Duh, unicodestring as basetype.
Duh, and that means only using UTF-16 and again we are stuck with the surrogate pair issue, which FPC doesn't actually help with at all. FPC doesn't know anything about surrogate pairs (as per the recent mailing list conversations).
1. Show me bugreports for specific functionality Unicode discussions on the maillist are highly coloured and overly generalist and usually not worth the trouble.
2. A lot of 1-byte string usage is not utf8 clean either and will need to be cleaned up going forward, but with the additional constraint that it must keep working with backward compatibility.
I understand that you want to find some stick to beat utf16 with. That is pointless. I don't choose utf16 because I think it is superior, but of two reasons:
1. Primarily, Delphi of course. Whatever minor advantages to an encoding over the other might have, it is not worth being hampered with both incompatibility to an ever increasing faction of Delphi users and component builders.
2. The current situation is bad in the sense that with utf8hack there is no ACS type. With ACS, utf8 is very stilted. This is annoying, though I assume it could be remedied, albeit again Delphi compatible.
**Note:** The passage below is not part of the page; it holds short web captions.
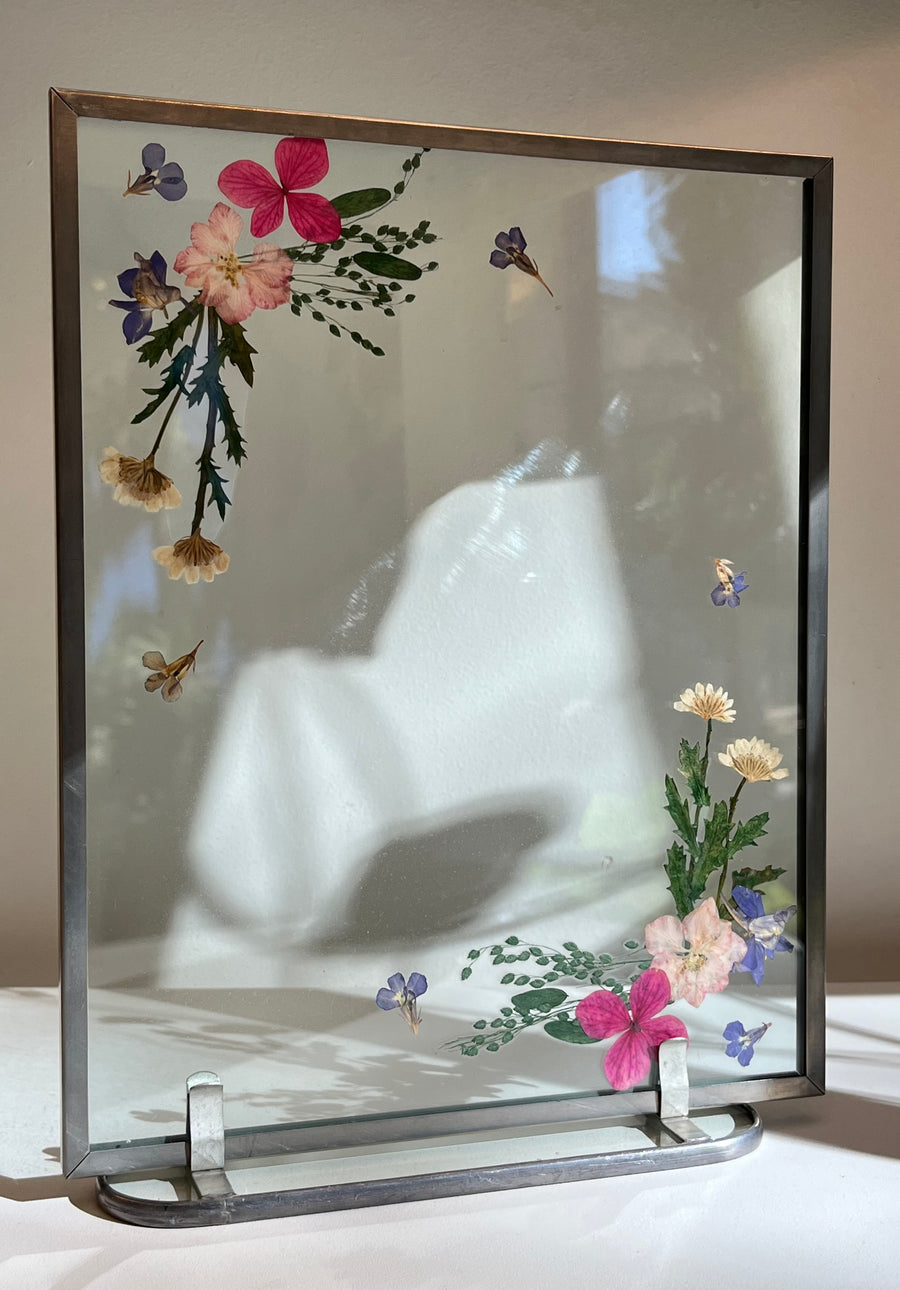 Glass Floral Picture Frame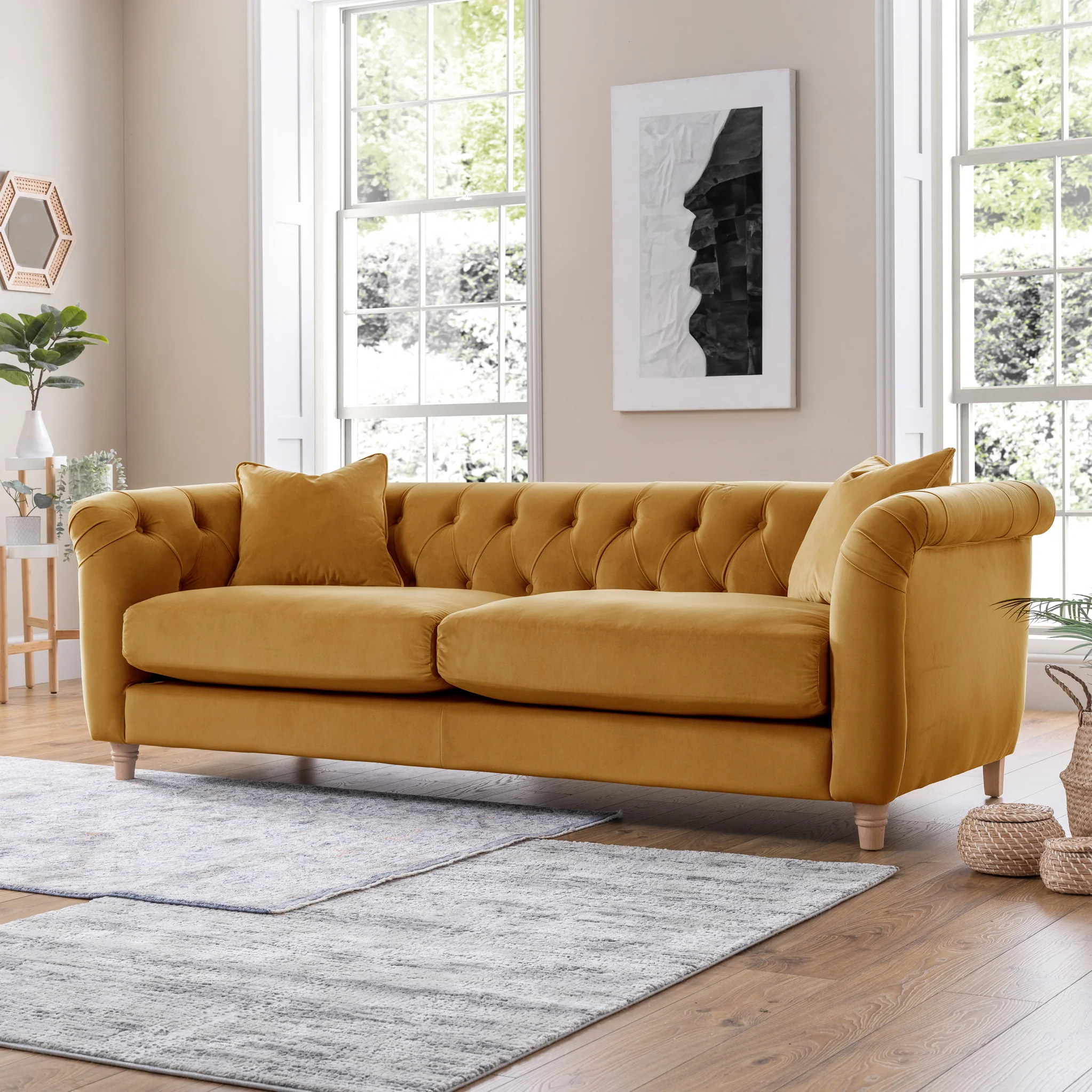 Clarence Velvet Chesterfield 3 Seater Sofa - Image 14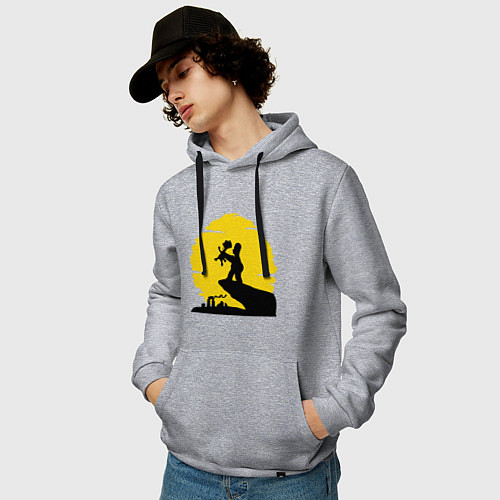 Мужская толстовка-худи Homer & Bart / Меланж – фото 3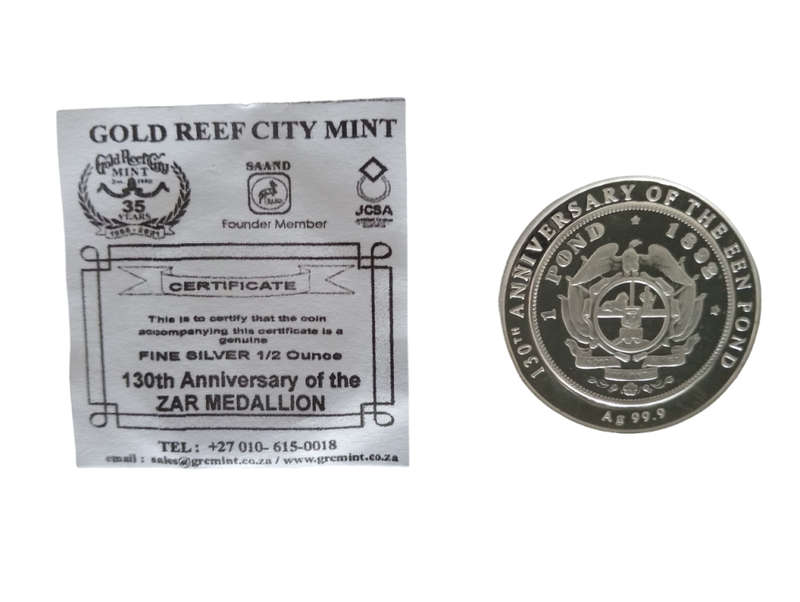 2022 Fine Silver Half Ounce Medallion 130th Anniversary of Een Pond and ZAR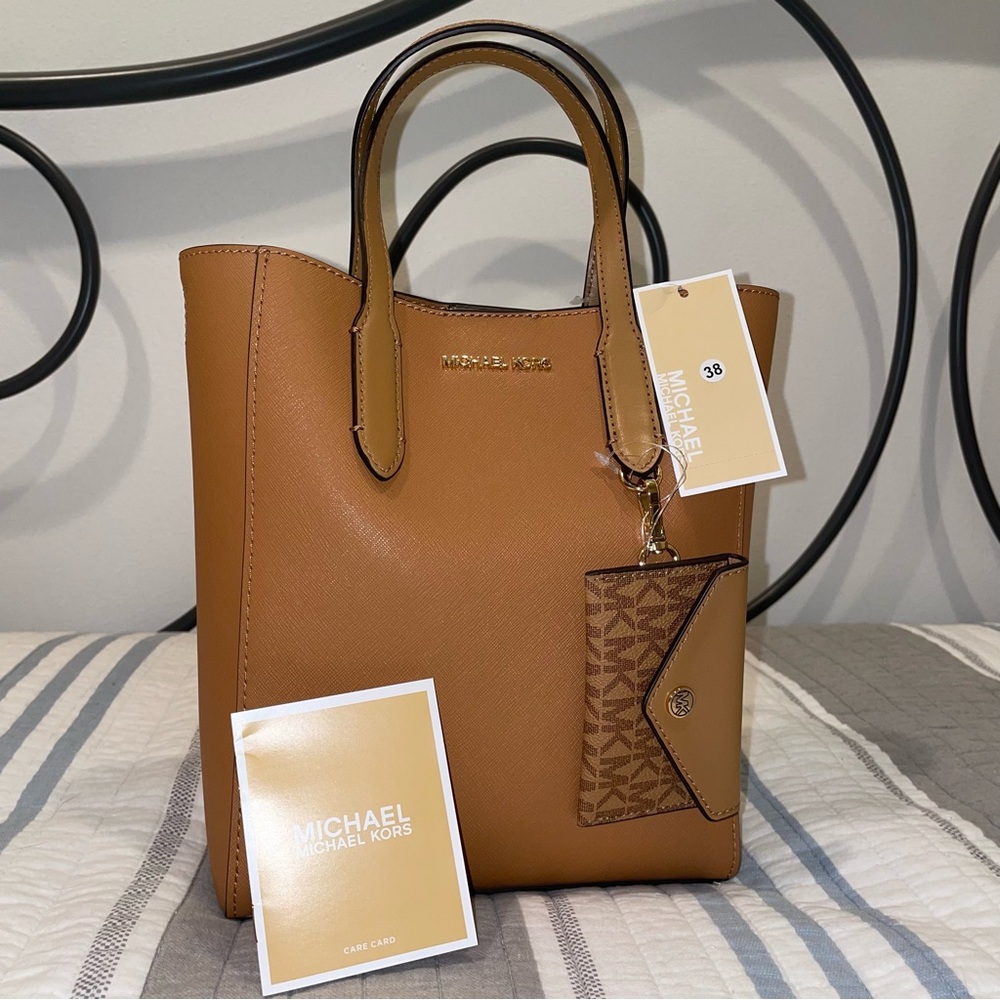 Michael Kors Tan Saffiano Leather Tote with Monogram Card Case
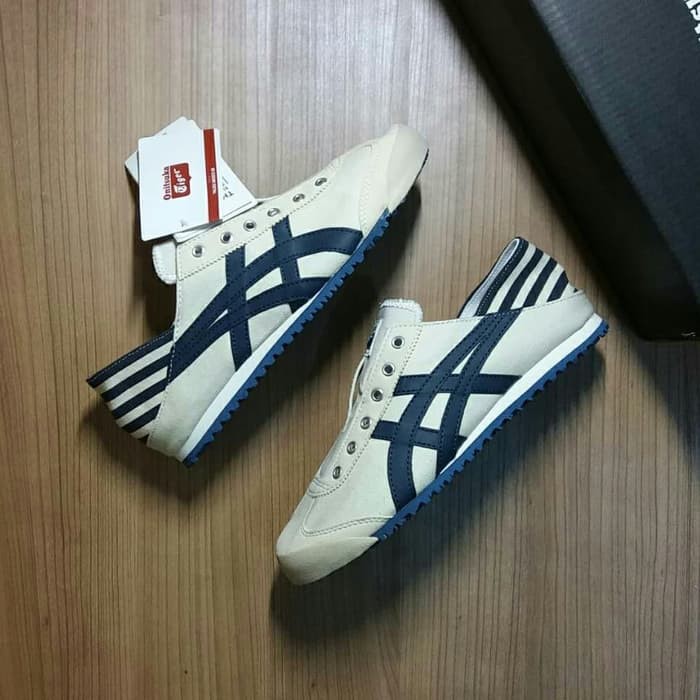 sepatu wanita onitsuka tiger slip on _cream navy _premium original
3. Yes, the third point is also delphi related; having a simple test of compatibility or not saves a lot of discussions and decisions (that turn out to be bad later). The delphi model is known, flaws and all. Bad choices in an own path only emerge over time, which doesn't invite a speedy migration. Moreover because FPC implementations of very major features are often the work of differing people in differing periods it avoids the problem that a second, later implementator doesn't know if something was intended, a temporary shortcut or an honest mistake.
This is already increasingly a problem with FPC extensions. (See e.g. the encoding of case of string).
You do also realise I mentioned "developers want to use utf-8 in their applications",
Yeah, and I rejected it in an earlier post in this thread as the result of people being confused between API and document encodings and/or insensitivity to Windows encoding issues.
and using UnicodeString (as bad as the name choice was), is only UTF-16. So no, that is not an option.
You have had 9 years to get over that. Don't you think it is slowly time you stop mentioning that in every unicode post? It is getting old.